WHAT YOU HAVE TO DO:
From the records below, state how many lines hold the string "Used", without any other text.

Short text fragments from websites
______
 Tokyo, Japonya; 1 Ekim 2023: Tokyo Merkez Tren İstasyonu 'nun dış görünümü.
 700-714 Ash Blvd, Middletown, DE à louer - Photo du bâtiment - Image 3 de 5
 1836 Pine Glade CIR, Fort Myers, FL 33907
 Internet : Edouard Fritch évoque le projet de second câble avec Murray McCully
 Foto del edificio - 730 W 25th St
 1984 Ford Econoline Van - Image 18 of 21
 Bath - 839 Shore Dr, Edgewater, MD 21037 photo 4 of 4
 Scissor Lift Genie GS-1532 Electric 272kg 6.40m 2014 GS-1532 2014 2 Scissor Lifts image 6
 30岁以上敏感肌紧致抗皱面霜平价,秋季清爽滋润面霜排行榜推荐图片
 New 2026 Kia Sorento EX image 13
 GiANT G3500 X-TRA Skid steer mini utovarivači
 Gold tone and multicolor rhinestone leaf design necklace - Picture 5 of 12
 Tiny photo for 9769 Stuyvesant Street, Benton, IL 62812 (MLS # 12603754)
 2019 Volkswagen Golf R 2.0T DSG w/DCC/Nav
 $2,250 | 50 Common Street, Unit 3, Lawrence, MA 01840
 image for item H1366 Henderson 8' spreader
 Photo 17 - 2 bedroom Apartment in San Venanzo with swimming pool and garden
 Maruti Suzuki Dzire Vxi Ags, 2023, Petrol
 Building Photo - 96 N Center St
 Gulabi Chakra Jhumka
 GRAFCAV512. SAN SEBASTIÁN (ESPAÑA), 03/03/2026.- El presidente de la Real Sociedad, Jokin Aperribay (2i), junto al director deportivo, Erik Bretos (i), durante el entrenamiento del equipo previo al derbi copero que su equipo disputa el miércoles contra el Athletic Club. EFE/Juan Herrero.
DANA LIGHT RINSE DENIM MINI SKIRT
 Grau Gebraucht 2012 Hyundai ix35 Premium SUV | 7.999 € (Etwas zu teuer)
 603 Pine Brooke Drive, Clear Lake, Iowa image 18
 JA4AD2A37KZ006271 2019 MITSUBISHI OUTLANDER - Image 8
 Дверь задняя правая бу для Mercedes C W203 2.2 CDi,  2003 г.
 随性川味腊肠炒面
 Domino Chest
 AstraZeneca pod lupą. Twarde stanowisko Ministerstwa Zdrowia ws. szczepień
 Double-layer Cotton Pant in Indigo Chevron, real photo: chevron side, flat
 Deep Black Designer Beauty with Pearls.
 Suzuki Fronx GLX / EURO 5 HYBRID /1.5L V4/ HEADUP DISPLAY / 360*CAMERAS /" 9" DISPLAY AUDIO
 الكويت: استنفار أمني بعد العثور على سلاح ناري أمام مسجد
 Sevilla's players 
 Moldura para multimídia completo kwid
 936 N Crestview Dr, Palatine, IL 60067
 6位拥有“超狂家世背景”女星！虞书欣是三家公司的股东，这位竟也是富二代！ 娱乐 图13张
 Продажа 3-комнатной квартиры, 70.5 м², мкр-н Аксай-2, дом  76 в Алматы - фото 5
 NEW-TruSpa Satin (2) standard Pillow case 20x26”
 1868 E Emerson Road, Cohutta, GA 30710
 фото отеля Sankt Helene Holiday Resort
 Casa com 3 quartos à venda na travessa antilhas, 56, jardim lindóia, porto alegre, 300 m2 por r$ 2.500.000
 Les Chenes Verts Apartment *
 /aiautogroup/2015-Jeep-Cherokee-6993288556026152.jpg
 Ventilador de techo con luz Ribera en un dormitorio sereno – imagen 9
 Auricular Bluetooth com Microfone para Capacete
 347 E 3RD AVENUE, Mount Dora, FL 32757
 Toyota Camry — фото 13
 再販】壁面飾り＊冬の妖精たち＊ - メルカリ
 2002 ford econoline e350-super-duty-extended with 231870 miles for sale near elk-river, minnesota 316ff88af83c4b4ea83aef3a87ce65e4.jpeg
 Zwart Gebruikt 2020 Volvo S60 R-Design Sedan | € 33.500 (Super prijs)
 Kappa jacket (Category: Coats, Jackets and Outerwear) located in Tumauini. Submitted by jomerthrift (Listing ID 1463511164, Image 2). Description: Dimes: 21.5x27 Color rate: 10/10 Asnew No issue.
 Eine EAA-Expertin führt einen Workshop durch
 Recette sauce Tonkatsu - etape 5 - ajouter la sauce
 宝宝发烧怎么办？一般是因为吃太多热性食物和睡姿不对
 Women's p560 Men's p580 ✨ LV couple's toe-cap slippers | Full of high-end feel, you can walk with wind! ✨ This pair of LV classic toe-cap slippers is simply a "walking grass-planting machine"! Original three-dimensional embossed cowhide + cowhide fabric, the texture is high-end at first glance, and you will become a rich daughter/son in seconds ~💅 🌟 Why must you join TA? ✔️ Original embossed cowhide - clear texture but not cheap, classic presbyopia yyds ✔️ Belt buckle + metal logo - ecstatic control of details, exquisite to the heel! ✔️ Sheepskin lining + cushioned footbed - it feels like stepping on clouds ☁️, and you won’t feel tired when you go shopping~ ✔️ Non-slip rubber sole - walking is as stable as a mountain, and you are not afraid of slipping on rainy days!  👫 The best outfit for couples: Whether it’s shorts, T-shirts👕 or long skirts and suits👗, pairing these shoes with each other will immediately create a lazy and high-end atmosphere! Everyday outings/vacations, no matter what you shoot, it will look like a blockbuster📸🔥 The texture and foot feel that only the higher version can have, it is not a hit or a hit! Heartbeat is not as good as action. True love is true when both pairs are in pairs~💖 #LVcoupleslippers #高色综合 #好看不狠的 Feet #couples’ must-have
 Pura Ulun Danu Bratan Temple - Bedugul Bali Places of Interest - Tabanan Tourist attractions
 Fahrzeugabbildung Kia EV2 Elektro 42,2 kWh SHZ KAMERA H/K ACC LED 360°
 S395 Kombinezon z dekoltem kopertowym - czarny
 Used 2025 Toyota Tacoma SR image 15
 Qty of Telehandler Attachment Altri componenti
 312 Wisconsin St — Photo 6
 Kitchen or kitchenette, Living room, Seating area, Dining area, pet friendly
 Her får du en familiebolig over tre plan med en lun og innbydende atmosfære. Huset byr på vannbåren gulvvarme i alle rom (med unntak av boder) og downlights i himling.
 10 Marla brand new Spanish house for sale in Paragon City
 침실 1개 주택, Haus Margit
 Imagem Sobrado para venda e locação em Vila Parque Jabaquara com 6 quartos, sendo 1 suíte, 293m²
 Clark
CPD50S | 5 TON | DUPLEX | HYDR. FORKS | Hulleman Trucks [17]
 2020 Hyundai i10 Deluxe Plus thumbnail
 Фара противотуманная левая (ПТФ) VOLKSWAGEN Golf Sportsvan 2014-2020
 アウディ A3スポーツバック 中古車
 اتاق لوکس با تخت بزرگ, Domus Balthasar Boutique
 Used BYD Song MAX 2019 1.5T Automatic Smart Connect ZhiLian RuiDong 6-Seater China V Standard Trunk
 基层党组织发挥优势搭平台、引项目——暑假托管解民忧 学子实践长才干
______
RESULT OF THIS EXERCISE:
2